■ EXERCISE GOAL ■
Find the string "Piece" in the records and copy each line where it occurs.

■ INFORMATION SHOWN ■
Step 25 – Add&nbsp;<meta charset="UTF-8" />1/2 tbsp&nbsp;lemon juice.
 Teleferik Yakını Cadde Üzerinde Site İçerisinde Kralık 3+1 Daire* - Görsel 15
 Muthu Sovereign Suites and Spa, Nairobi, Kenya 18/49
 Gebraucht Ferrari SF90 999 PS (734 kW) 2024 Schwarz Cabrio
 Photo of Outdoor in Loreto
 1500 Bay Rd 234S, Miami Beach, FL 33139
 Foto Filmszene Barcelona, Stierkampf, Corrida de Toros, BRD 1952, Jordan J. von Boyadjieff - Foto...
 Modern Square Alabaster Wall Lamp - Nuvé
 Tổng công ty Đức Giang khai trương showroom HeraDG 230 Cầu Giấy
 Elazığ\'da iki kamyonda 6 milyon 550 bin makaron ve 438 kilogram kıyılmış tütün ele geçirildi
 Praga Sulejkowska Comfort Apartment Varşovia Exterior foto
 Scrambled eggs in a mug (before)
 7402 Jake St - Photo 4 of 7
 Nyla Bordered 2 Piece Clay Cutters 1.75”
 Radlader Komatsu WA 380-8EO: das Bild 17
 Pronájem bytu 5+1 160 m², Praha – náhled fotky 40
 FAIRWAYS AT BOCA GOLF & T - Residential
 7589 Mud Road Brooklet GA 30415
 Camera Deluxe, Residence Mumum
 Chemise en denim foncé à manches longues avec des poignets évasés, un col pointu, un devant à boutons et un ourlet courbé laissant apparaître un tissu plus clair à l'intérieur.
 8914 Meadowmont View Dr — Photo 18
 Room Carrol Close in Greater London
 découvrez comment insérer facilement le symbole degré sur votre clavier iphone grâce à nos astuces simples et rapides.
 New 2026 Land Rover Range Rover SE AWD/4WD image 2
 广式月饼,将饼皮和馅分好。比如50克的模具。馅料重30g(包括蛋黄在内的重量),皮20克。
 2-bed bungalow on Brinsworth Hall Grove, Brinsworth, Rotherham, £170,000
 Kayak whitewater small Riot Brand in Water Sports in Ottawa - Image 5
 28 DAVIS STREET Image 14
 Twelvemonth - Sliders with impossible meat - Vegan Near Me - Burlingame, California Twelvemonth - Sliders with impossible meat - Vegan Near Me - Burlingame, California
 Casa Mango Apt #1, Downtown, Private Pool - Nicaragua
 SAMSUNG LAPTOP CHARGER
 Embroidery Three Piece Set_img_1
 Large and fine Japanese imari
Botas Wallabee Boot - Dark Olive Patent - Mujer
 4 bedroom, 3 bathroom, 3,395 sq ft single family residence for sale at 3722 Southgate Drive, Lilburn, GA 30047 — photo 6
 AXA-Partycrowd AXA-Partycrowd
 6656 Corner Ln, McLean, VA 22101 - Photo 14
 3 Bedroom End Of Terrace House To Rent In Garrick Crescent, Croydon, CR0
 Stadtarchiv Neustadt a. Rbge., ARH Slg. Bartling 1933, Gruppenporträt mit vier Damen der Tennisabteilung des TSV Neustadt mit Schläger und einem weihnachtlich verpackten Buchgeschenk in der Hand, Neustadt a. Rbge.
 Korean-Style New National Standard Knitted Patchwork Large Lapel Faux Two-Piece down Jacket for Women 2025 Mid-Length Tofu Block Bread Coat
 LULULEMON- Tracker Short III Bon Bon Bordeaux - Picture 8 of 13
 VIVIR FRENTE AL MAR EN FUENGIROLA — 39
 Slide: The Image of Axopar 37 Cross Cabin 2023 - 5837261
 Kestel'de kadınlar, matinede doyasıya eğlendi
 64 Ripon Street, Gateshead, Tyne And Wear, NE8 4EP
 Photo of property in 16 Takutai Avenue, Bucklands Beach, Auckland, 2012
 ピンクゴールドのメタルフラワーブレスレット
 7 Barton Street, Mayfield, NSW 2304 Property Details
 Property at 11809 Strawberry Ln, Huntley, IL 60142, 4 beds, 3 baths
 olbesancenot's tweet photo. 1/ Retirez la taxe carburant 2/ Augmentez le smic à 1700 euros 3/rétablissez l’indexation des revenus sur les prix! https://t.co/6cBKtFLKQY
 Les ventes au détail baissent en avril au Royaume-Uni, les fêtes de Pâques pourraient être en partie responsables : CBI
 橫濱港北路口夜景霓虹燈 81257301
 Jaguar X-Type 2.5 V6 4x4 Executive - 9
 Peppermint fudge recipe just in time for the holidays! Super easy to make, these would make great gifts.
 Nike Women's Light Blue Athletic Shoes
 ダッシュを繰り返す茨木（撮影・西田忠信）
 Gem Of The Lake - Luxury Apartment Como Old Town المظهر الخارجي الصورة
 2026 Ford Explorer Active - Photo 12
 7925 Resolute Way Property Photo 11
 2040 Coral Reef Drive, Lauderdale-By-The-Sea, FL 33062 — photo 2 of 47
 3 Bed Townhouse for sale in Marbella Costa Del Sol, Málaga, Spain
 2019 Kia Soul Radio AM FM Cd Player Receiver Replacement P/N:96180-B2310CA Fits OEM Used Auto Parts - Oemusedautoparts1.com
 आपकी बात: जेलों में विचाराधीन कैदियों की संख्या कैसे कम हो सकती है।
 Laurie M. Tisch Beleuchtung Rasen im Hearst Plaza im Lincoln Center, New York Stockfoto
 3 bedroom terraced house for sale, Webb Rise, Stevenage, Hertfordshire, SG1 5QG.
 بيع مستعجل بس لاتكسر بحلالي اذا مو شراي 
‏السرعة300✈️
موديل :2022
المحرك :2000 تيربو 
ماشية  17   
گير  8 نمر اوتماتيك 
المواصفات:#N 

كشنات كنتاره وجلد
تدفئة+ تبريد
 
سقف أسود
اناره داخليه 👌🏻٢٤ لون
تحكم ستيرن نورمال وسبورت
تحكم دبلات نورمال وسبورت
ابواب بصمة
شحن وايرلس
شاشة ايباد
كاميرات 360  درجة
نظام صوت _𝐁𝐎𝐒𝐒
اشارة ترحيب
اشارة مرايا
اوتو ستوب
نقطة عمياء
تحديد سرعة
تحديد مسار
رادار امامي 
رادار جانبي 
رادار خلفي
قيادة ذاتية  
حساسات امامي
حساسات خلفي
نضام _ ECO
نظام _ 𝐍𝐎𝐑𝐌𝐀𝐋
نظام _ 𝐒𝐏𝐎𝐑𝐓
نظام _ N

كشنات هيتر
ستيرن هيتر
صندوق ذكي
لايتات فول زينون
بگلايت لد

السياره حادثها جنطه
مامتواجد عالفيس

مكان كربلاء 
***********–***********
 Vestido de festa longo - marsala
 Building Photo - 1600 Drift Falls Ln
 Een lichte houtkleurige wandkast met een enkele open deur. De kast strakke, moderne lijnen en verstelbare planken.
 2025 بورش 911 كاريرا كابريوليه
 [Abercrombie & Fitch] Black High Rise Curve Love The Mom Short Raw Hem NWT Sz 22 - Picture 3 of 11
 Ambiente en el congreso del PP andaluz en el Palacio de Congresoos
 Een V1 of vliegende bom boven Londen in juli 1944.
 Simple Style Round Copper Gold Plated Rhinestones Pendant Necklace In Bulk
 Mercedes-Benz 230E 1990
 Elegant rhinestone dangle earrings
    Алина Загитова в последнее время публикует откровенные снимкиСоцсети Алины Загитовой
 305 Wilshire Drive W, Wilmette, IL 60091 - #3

■ TASK ANSWER ■
 Nyla Bordered 2 Piece Clay Cutters 1.75”
 Embroidery Three Piece Set_img_1
 Korean-Style New National Standard Knitted Patchwork Large Lapel Faux Two-Piece down Jacket for Women 2025 Mid-Length Tofu Block Bread Coat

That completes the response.